かつどう
山坂の娘が警察に遭難届を出したのは、火曜日であった。山坂は妻を病で失ってから大学生の娘と神戸市内に二人で暮らしていた。
「父が帰ってこないのです。」
山坂は週末にはよく一人で出かけ、たまに泊りで帰らない日もあるが、その時はいつも娘に連絡を入れていた。娘はさすがに二晩も連絡が入らなかったので、警察に届けることにしたのであった。しかし、いつものように行先は教えられていない。警察も届け出を受理しただけという感じで、捜索などできない。

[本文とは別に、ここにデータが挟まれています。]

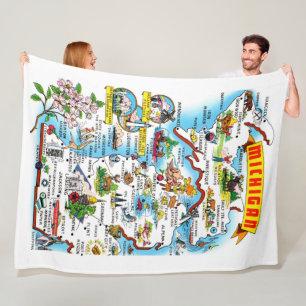 Michigan illustrierte Karte Fleece-Decke Fleecedecke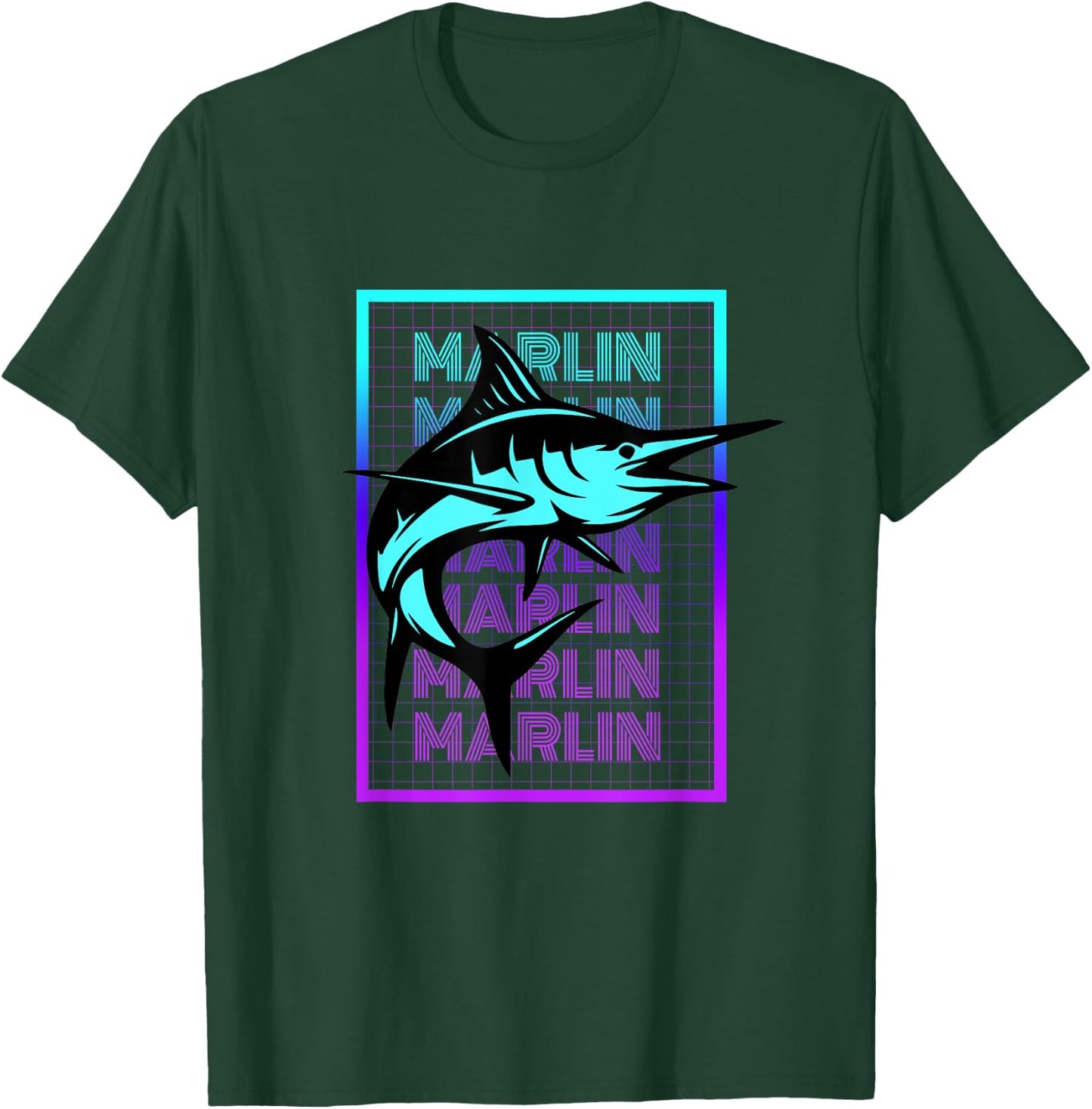 Marlin Fish Vintage Retro Marlin T-Shirt - T-Shirt | Forest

日曜日、山坂は北国街道を歩いて辿ろうと、JR北陸本線、福井県の今庄駅に降り立った。
北国街道(東近江路)は、今庄から彦根まで江戸時代に越前(現在の福井県)から近江(現在の滋賀県)を抜け、江戸もしくは京に向う主要道であり宿場も沿線に設けられた。現在は国道365号線と変わり、JRはその地下で北陸トンネル、北陸自動車道は、6キロ北でやはりトンネルにて、滋賀県へ入る。そのためこの国道で越境する交通量は少なく、谷あいのかつての宿場町も、のどかな集落をとどめる程度である。
山坂は国道を14キロほど歩き、県境となる栃ノ木峠に午後一時に到着した。峠の右手滋賀県側は余呉高原スキー場となっており、リフトが山の上まで続いていた。
山坂は舗装路のウォーキングに飽きたため、用意していた地形図をながめ、北国街道を外れ県境の尾根を山歩きすることとした。地図には道がのっていなかったが、希望的予測通り踏み跡が県境尾根を走っていた。藪を掻きわけたり、倒木を乗り越えたり苦労しながら、踏み跡をなぞった。左手に降りると先ほどの国道が谷を通っているので、迷ったら無理やり降りていけばよいと安易に考えていた。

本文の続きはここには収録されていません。